The film was released on January 12, 2007. It was not screened for critics.

Home media 
The film was released on June 12, 2007 on DVD and Blu-ray.

Reception

Box office 
Primeval was released on January 12, 2007. It grossed $10,597,734 in its North American release adding in $4,693,543 with a total of $15,291,277 worldwide.
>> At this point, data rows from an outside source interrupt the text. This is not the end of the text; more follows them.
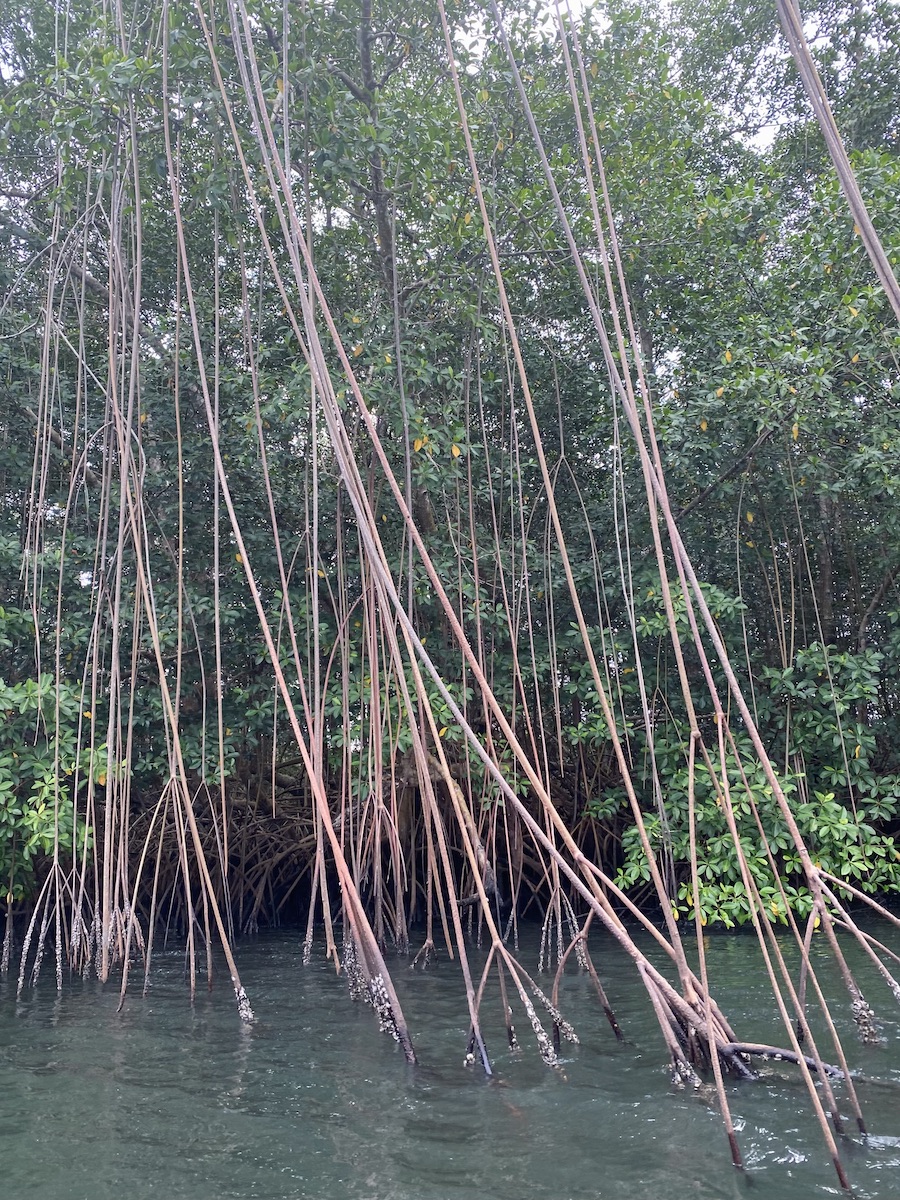 Mangroves in Akanda National Park, Gabon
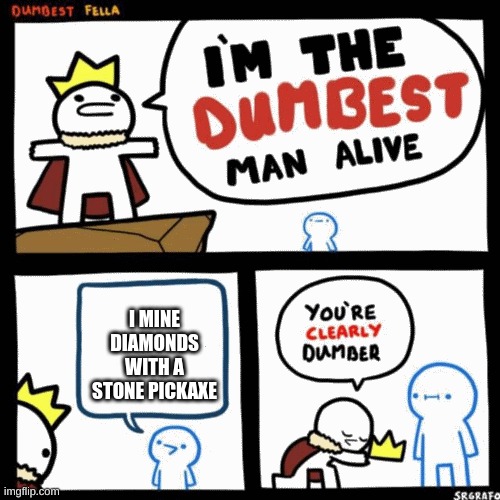 I'm the dumbest man alive | I MINE DIAMONDS WITH A STONE PICKAXE | image tagged in i'm the dumbest man alive | made w/ Imgflip meme maker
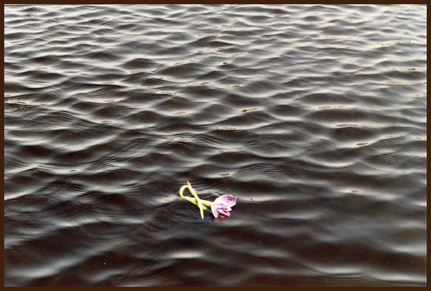 Photo: Camille Martin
The film opened up in fifth place on its opening weekend with $6,792,318 ($6,048,315 if not counting Martin Luther King Day). Its box office results declined by -68.9% by the second weekend of its release. By the time its domestic release closed, it made a total of $10,597,734.

Critical reception 

Primeval received negative reviews. On review aggregator website Rotten Tomatoes, Primeval received an approval rating of 18% based on 56 reviews, and an average rating of 3.46/10. Its consensus reads, "Primeval is a low-quality horror film, which due to the inane political messages does not even qualify as campy fun." On Metacritic, which assigns a normalized rating to reviews, the film has a weighted average score of 35 out of 100, based on 11 critics, indicating "Generally unfavorable reviews".
 
Luke Y. Thompson of The Village Voice gave the film a negative review, writing, "With a little camp this could have been fun, but director Michael Katleman doesn’t play it that way, and even Jürgen Prochnow’s crazed Ahab wannabe is unfortunately understated." Peter Hartlaub from The San Francisco Chronicle stated that the film "almost works as an intentionally stupid action movie", but noted "for every guilty pleasure moment, a failed attempt to inject importance to the plot will shock you back into having a bad time again." A.O. Scott of The New York Times criticized the film's editing, script, and characters. Jon Condit from Dread Central awarded the film a score of 1/5, calling it "a really poor man’s Blood Diamond that just happens to also feature an enormous man-eating crocodile". Condit panned the film's thin characterizations, misleading marketing, and called Purcell "a major miscasting problem". Andrew Smith from Popcorn Pictures rated the film a score of 2/10, writing "The film doesn’t have a clue what it wants to be and switches frequently from generic monster-on-the-loose flick to the dramatic ‘let’s make a statement on Africa’ thriller it clearly has designs on being. Neither works very well."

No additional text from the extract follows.